法人課税部門における書面添付制度の運用に当たっての基本的な考え方及び事務手続等について(事務運営指針)

個人課税部門における書面添付制度の運用に当たっての基本的な考え方及び事務手続等について(事務運営指針)

資産税事務における書面添付制度の運用に当たっての基本的な考え方及び事務手続等について(事務運営指針)

(趣旨)
国税庁においては、法第35条第1項に規定する意見聴取(以下「意見聴取」という。)を行った結果、調査の必要性がないと認められた場合に、税理士等に対し「現時点では調査に移行しない」旨を原則として書面により通知することとしたことから、所要の整備を図るものである。

 改正(挿入)された具体的な文言としては、

「制度の趣旨・目的を踏まえつつ、例えば顕著な増減事項・増減理由や会計処理方法に変更があった事項・変更の理由などについて個別・具体的に質疑を行うなど、意見聴取の機会の積極的な活用に努める」

となっています。つまり、要約すると「以前は意見聴取をないがしろにしていたものを、以後はきちんとやる」という改正なのです。
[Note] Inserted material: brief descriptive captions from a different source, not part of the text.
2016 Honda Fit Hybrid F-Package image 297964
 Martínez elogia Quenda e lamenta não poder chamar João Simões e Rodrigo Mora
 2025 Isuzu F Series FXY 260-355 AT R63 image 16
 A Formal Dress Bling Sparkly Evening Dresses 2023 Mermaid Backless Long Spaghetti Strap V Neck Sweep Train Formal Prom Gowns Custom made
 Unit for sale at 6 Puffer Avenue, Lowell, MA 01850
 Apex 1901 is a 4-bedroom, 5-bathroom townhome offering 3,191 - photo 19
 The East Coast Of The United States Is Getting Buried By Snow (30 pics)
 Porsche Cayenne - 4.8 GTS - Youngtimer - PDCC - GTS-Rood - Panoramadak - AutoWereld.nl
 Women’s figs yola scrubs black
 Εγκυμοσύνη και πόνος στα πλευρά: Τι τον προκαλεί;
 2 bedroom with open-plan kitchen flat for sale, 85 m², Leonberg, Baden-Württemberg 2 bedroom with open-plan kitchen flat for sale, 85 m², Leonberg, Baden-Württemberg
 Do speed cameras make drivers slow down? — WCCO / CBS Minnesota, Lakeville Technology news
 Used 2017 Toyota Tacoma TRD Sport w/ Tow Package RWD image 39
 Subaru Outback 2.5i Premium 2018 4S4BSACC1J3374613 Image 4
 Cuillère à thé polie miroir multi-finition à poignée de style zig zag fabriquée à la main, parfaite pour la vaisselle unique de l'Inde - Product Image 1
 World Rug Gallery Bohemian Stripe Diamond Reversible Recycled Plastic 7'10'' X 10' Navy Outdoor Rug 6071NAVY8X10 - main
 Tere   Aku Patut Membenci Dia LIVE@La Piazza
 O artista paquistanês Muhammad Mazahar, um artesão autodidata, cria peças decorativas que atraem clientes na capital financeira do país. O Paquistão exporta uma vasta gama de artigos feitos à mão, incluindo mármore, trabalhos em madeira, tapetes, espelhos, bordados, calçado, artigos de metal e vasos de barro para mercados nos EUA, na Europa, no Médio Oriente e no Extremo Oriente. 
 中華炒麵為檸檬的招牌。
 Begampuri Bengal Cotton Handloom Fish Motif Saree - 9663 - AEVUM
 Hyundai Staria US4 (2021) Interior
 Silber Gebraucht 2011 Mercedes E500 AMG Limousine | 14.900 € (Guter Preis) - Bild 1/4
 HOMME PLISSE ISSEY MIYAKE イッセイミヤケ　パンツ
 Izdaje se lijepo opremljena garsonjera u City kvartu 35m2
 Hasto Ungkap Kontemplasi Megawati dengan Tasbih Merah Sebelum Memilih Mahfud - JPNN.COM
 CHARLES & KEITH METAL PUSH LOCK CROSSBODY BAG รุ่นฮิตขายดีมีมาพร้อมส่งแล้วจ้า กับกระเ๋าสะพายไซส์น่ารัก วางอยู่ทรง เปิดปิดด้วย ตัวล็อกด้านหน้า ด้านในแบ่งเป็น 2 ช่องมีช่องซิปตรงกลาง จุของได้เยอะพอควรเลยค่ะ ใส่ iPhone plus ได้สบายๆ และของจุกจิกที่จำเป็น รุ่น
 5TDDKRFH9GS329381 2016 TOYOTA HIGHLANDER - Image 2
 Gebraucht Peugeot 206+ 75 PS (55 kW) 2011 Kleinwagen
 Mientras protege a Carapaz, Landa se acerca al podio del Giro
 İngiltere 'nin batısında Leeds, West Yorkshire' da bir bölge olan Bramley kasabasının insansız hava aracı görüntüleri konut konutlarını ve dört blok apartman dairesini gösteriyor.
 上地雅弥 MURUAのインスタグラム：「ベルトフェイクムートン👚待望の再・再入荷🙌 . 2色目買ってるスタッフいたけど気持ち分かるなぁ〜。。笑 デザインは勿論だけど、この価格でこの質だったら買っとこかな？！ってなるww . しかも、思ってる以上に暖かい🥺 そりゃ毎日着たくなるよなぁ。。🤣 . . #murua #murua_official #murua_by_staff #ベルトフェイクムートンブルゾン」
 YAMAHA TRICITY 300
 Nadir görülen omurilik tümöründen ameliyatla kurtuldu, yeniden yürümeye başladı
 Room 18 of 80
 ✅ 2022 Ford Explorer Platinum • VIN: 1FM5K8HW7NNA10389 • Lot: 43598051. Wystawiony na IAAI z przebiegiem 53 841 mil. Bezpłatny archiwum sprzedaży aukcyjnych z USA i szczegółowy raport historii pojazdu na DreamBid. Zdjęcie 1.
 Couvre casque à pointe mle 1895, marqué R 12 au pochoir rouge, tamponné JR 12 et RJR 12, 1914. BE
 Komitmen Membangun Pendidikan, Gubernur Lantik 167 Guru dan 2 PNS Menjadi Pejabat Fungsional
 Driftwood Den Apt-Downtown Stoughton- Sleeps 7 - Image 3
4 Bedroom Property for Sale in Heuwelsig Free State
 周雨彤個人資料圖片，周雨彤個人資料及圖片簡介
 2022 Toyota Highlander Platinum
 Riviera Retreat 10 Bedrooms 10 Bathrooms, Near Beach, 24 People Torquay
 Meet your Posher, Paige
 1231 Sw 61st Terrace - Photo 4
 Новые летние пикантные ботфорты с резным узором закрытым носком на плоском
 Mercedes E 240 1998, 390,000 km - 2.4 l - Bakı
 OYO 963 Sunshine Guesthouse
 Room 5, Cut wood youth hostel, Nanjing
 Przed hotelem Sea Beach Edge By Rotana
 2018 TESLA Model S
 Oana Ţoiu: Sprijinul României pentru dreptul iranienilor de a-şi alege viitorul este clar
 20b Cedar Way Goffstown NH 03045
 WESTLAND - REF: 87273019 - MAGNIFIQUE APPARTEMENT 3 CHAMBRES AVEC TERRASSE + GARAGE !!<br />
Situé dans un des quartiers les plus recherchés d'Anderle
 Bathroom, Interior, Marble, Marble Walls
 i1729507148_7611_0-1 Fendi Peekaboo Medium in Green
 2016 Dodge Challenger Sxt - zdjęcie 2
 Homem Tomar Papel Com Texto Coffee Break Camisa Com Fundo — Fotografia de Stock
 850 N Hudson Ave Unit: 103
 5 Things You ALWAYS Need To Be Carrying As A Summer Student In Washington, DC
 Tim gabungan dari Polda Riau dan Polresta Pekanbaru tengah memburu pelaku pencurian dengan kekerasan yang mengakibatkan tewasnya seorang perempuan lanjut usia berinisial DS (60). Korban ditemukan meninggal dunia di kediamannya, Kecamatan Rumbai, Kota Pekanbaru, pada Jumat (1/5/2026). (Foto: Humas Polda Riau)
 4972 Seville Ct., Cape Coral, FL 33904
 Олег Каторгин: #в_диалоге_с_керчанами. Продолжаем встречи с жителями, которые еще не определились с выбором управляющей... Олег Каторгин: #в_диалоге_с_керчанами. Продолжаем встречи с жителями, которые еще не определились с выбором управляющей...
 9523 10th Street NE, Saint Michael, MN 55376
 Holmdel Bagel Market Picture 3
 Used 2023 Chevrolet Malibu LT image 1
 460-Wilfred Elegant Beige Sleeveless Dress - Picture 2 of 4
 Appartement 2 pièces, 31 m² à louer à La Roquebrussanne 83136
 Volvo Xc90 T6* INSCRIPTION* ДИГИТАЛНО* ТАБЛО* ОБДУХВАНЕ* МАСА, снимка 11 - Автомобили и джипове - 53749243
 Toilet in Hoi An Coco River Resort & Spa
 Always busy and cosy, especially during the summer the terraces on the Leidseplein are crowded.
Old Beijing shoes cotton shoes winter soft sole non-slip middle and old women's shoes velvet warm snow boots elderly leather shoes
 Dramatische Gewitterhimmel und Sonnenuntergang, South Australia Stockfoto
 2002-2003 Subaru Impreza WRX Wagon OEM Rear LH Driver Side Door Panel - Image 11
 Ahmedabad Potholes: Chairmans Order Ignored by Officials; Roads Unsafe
 上記改正後の事務運営指針を根拠に、(調査に移行することを前提とした)形式的な意見聴取は当然に認められなくなりました。また、意見聴取において担当統括官・調査官が、税理士がきちんと回答しているにも関わらず、実地調査に移行するような発言をした場合は、上記の「趣旨」を主張することで、安易に税務調査に移行することができなくなったのです。

 この点を踏まえれば、さらに書面添付制度にはメリットがあることがおわかりいただけるかと思います。